Outset Netherlands was delighted to have supported the TUB International Residency Program 2016 with Brazilian artist Jonathas de Andrade and his resulting exhibition 'Looking for Jesus' in 2017.
The TUB International Residency Program focuses specifically on artists whose roots lie outside the Western artistic canon. Their practices address universal questions by zooming in on individual histories and local cultures. The artists are encouraged to make connections with the local context and histories in which A Tale of a Tub operates with the aim of building bridges between ‘global’ and ‘local’, between international developments in art and the social and cultural conditions of the neighbourhood of Spangen.
During his residency in Spangen, Rotterdam, Jonathas de Andrade dived into the eventful history of the monumental Justus van Effen Complex, home to A Tale of a Tub. This history serves as a blueprint to gain new insights into the social and cultural conditions of Spangen, the most demographically diverse neighborhood of the Netherlands. Over 80% of households in Spangen are of non-Western origin. In his research De Andrade interweaved ideals of modernist social housing – on which the Justus van Effen Complex is based – with the complex social fabric of the neighbourhood today. His research led to the production of new work, presented at his 2017 exhibition 'Looking for Jesus'.

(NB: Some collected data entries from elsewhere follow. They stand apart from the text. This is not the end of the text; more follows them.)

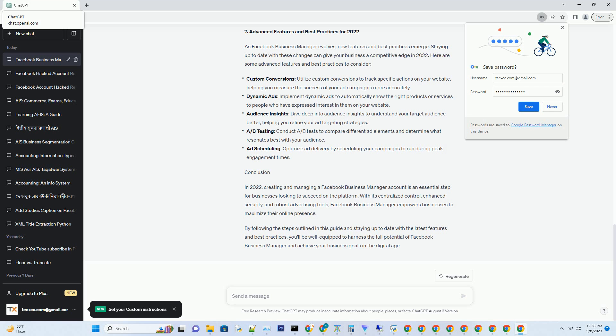4. Navigating Your Business Manager Dashboard. After successfully creating your Facebook Business Manager account, you will be directed to your dashboard. Understanding how to navigate this dashboard is crucial to effectively manage your business' Facebook presence. Here's a quick tour of the main sections.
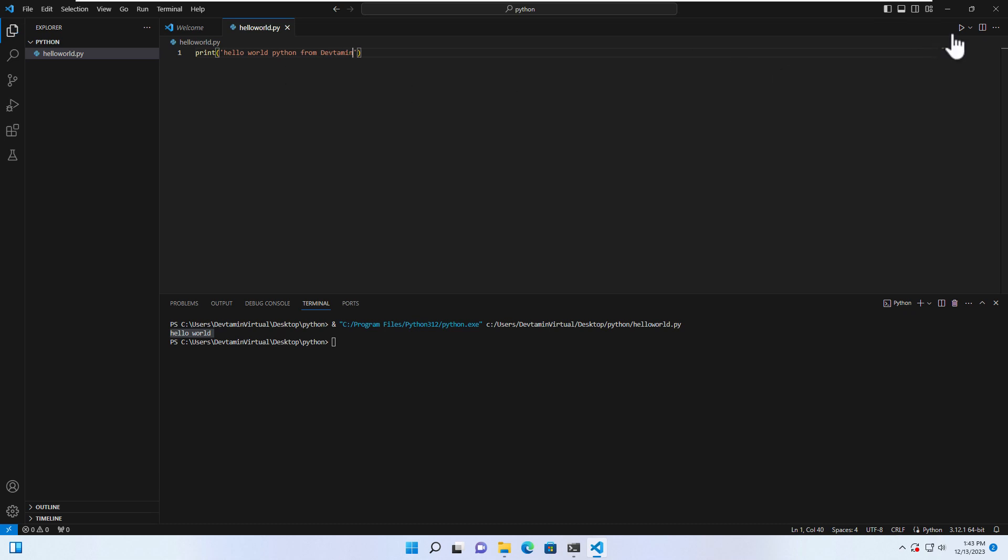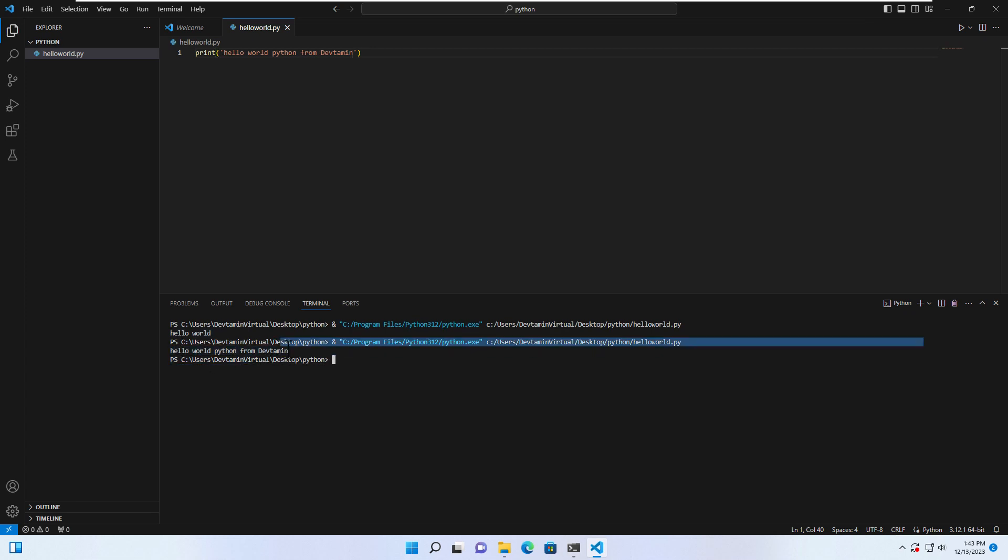So if I say hello world python from devtamine, I save it and I click on run again. You will see hello world python from devtamine.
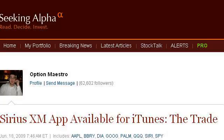The most helpful site to learn about how to download from XM to iTunes is SeekingAlpha.com, specifically the page titled 'SiriusXM app available for iTunes.' Here's the link.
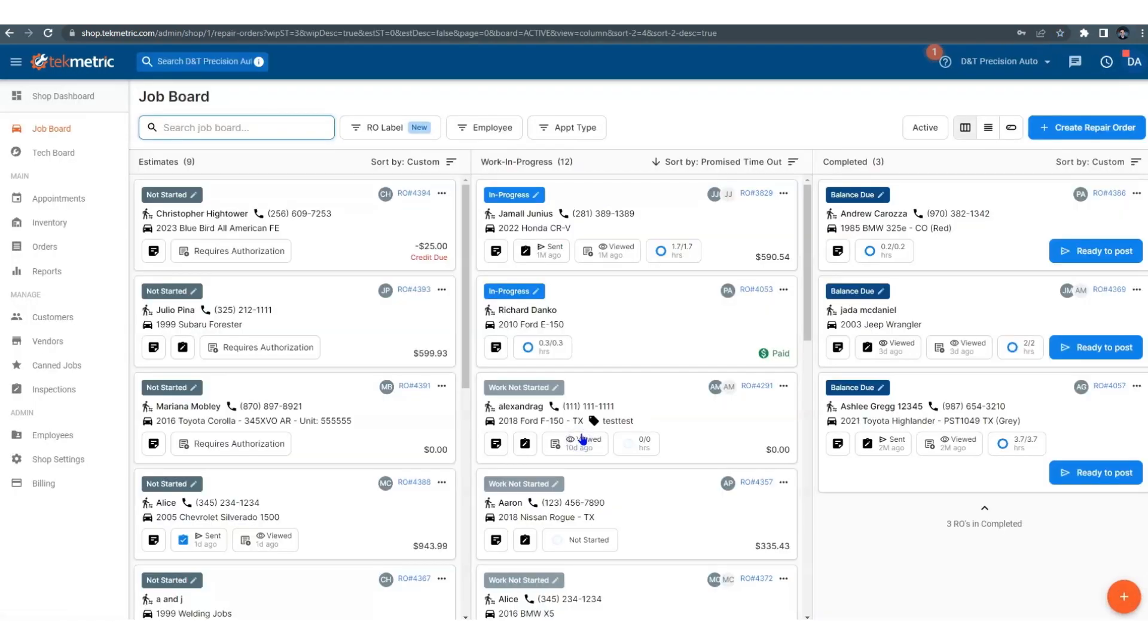Once here, you're going to find a blue banner up at the top, and it's always the same. It never changes, and this is where you're going to find some of your basic controls.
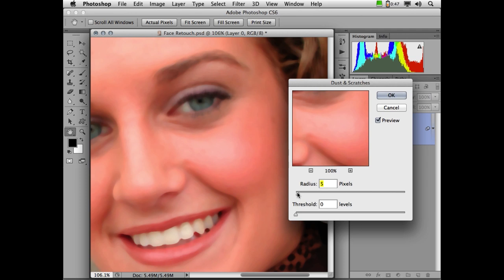Now you'll notice this obliterates my entire image. This is nothing more than Gaussian blur. Well, in dust and scratches, we have another feature called threshold. And I want you to think of threshold as a way of targeting where this filter is going to apply. We have in our histogram right up here, 256 steps of light and dark. All images have 256 steps of light and dark, with exception of bitmap mode.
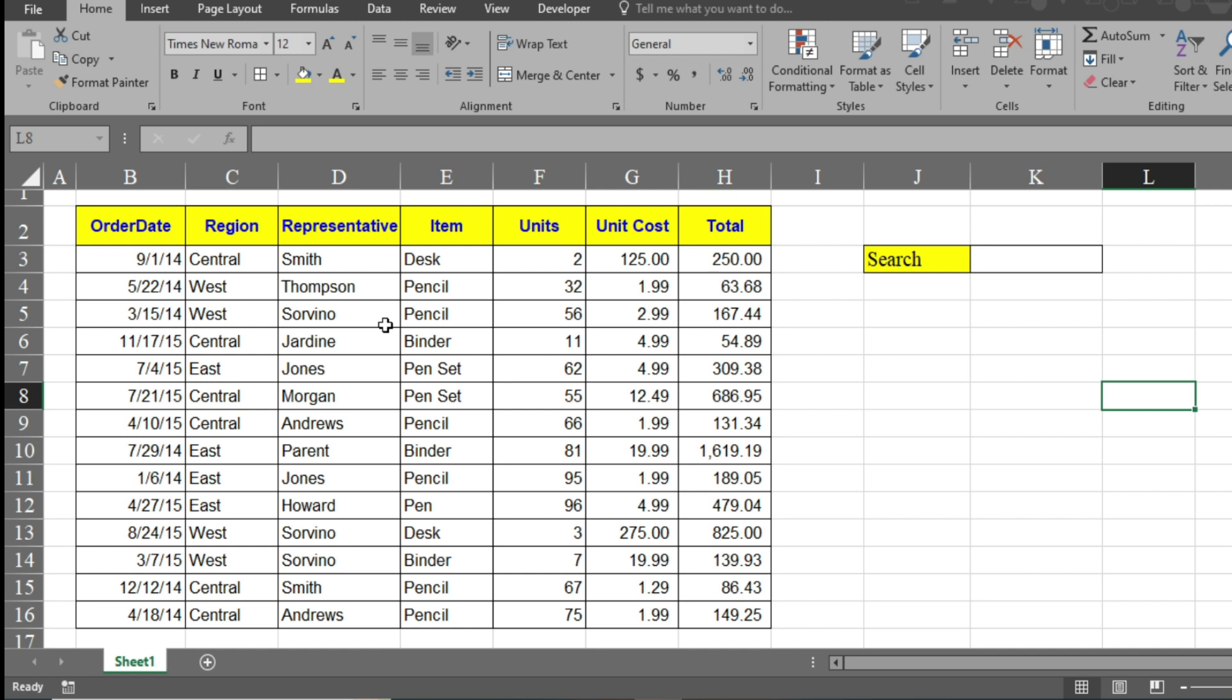Here you can see I have already designed the table where I have the order date, region, representative, item, units, unit cost, and total.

ON VIEW:9th February – 9th April, 2017
In his work Jonathas de Andrade (b. 1982) focuses on personal histories and brings them in relation to the social, political and ideological realities in which these histories occur. From a private and intimate perspective, he sheds new light on social issues, such as the notion of failed modernism, cultural amnesia and issues of representation. His anthropological research poses a new perspective on historical and current events through the fictionalisation of universal truths. The artist often works with documentary material that forms the basis of his exploration into the social and cultural conditions of the place where he works. This historical material becomes interwoven with his own findings and imagination, creating an intricate web of fact and fiction. In doing so, De Andrade is able to make social dynamics and internal power relations visible and palpable in a subtle manner.